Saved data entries
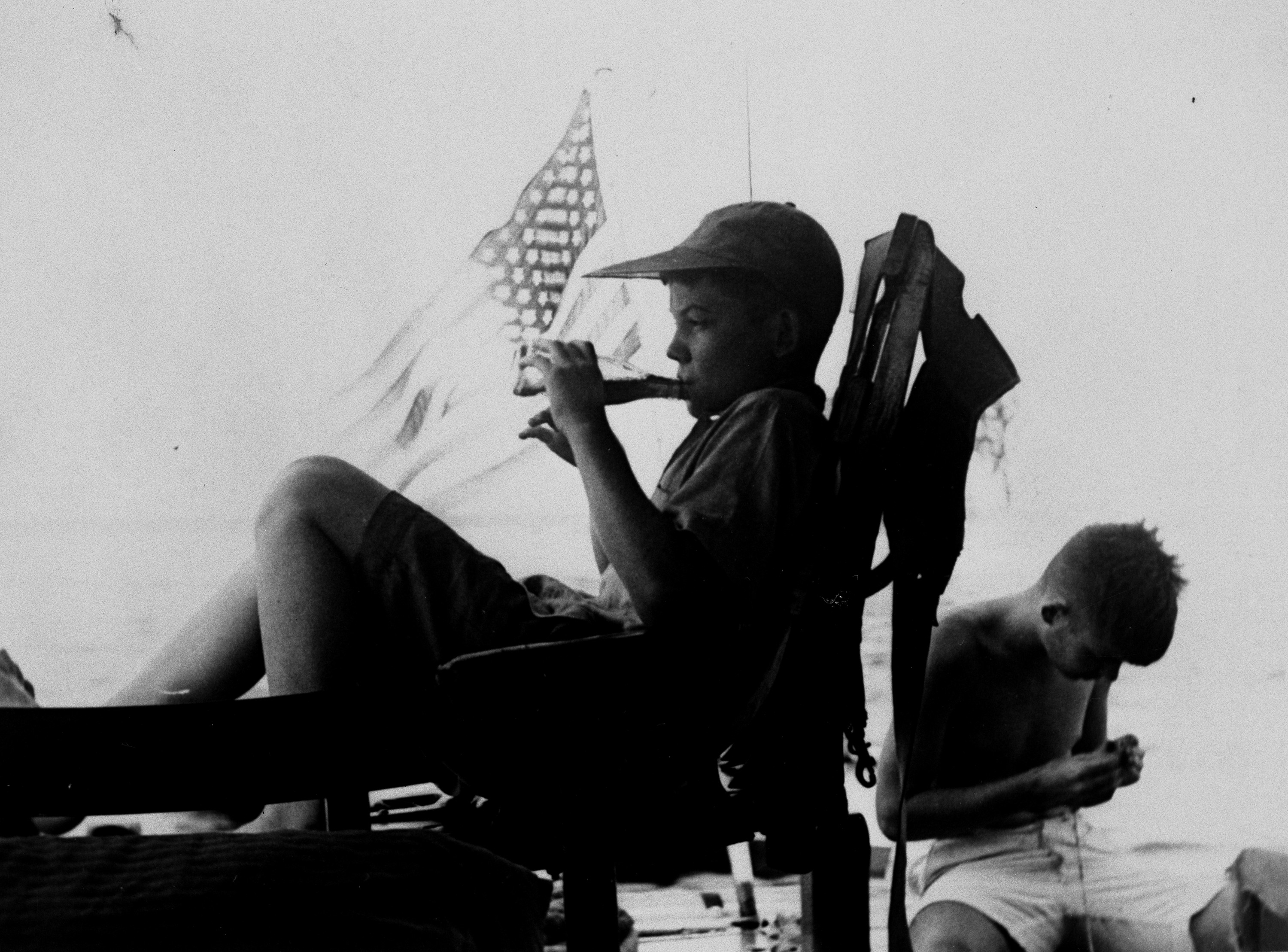 A black and white photograph of Hemingway's teen-aged children Gregory and Patrick aboard Hemingway's boat.  Gregory, seated in the foreground, wears a billed cap and is drinking from a clear glass bottle.  Patrick, in the background, wears white shorts and is concentrating on something small he holds in his hand.  The United States flag flies as ensign off the stern of the boat.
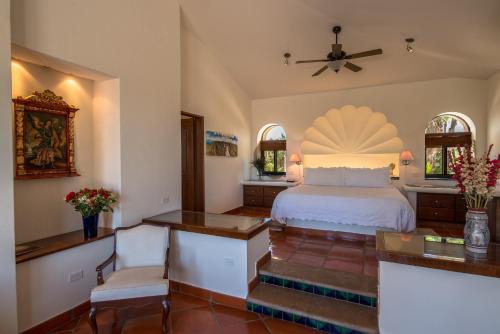 a bedroom with a bed and a desk and chairs at Hacienda Todos Los Santos in Todos Santos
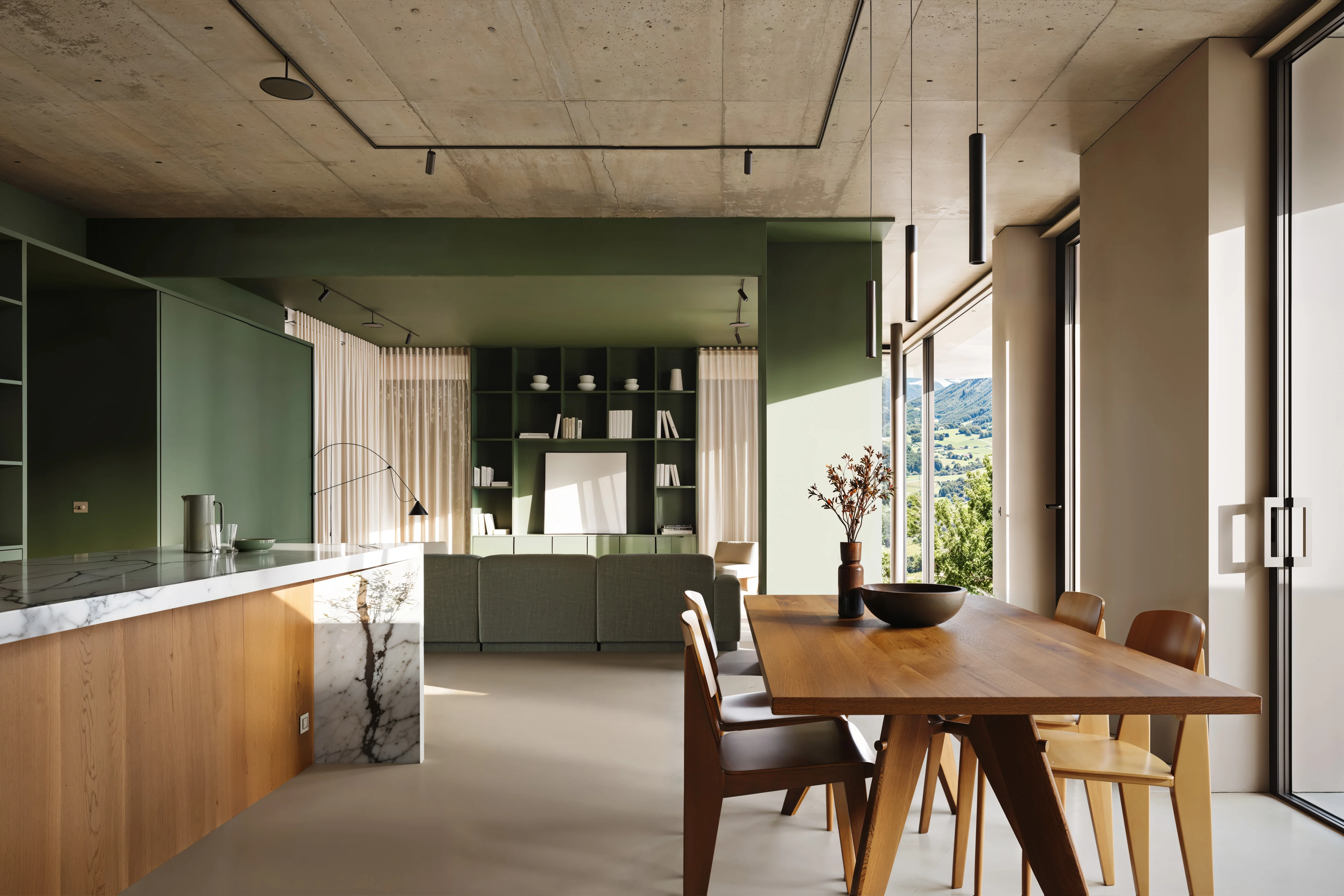 Modern open-plan living and dining area with wooden table, chairs, green sofa, shelves, and large windows showing a scenic mountain view.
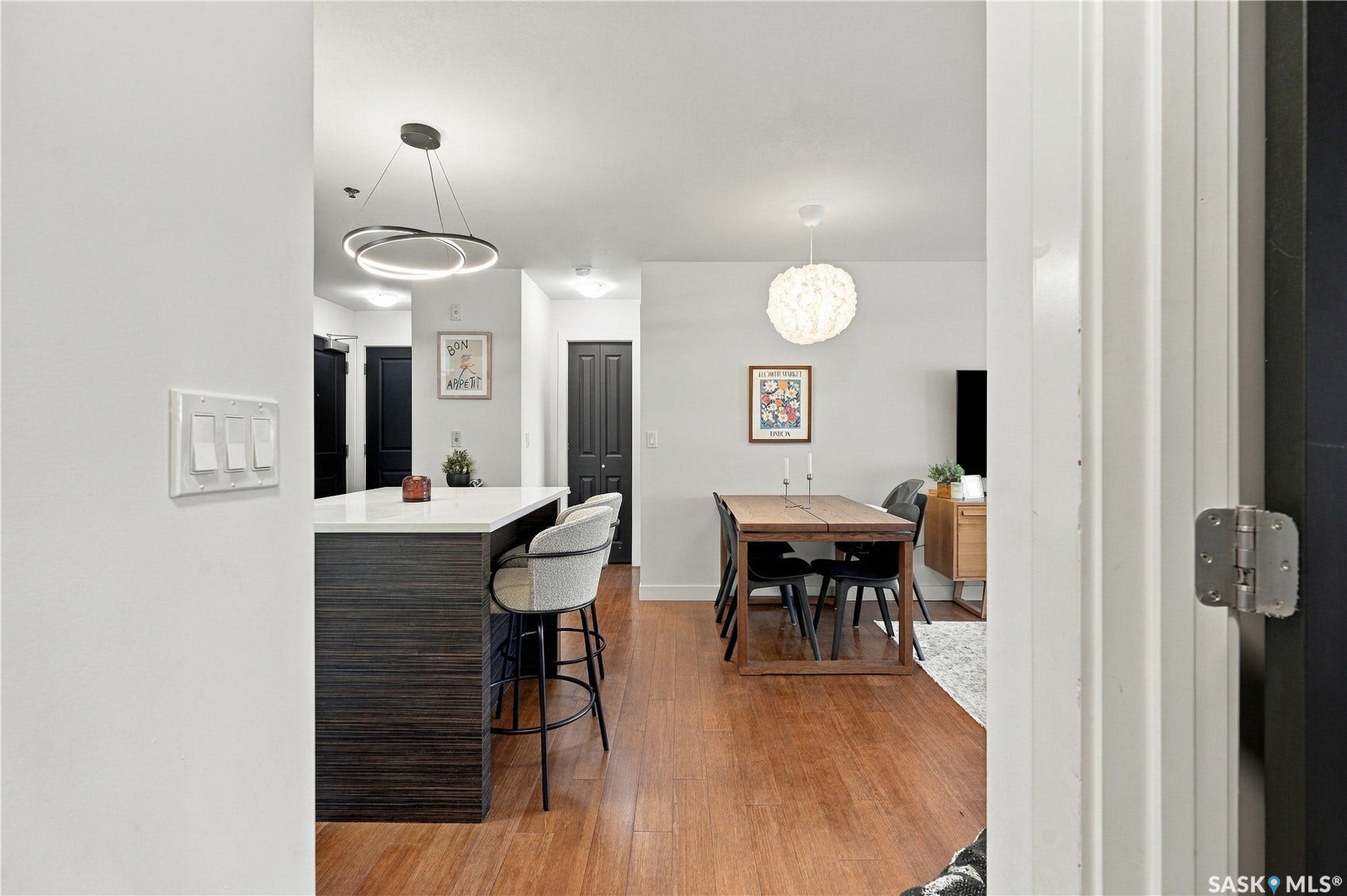 Hardwood-style flooring throughout, kitchen island with solid surface countertop, recessed lighting, and modern pendant lighting fixtures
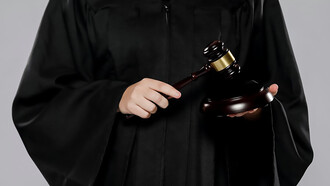 A female judge with gavel, symbolizing authority and justice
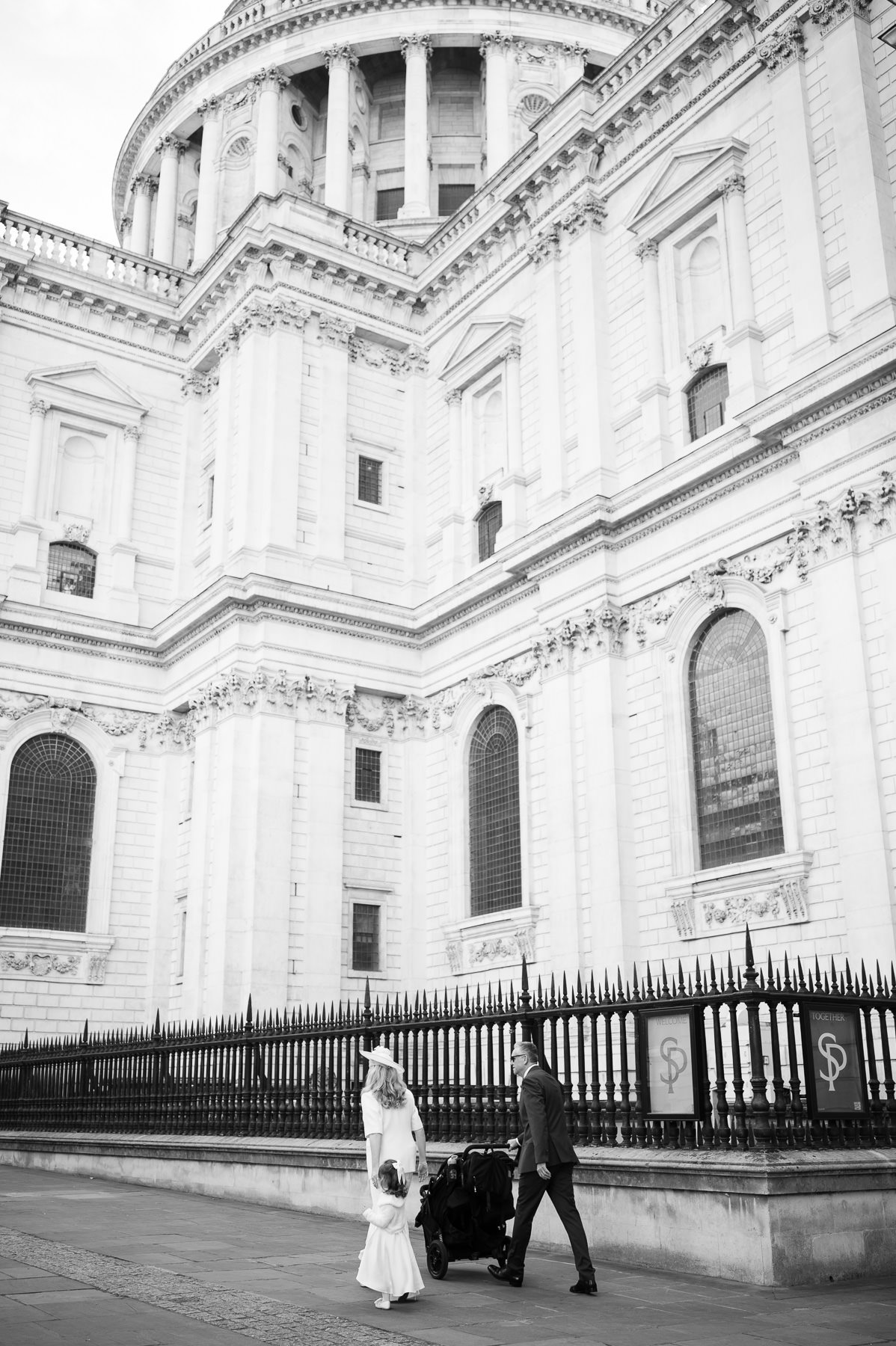 Black and white photo of the family walking beside the railings at St Paul's Cathedral with the pram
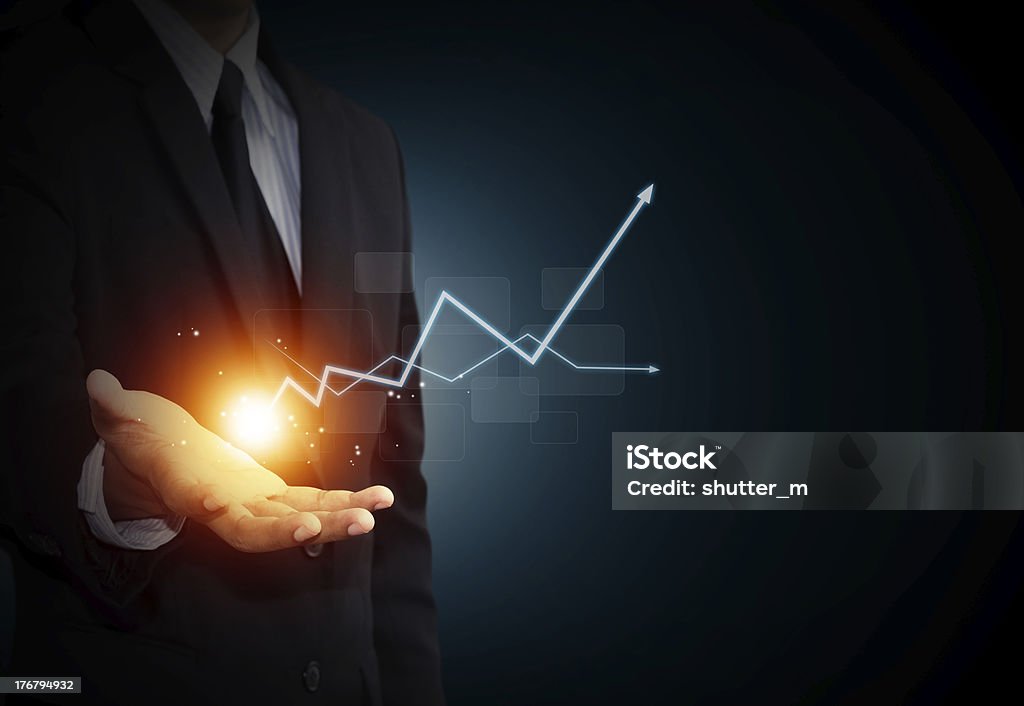 Hand holding a rising arrow Hand holding a rising arrow, representing business growth. Making Money Stock Photo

## WHAT YOU WILL DO
Give the records again without a single change, and exclude the pictures.

## TASK OUTPUT
 A black and white photograph of Hemingway's teen-aged children Gregory and Patrick aboard Hemingway's boat.  Gregory, seated in the foreground, wears a billed cap and is drinking from a clear glass bottle.  Patrick, in the background, wears white shorts and is concentrating on something small he holds in his hand.  The United States flag flies as ensign off the stern of the boat.
 a bedroom with a bed and a desk and chairs at Hacienda Todos Los Santos in Todos Santos
 Modern open-plan living and dining area with wooden table, chairs, green sofa, shelves, and large windows showing a scenic mountain view.
 Hardwood-style flooring throughout, kitchen island with solid surface countertop, recessed lighting, and modern pendant lighting fixtures
 A female judge with gavel, symbolizing authority and justice
 Black and white photo of the family walking beside the railings at St Paul's Cathedral with the pram
 Hand holding a rising arrow Hand holding a rising arrow, representing business growth. Making Money Stock Photo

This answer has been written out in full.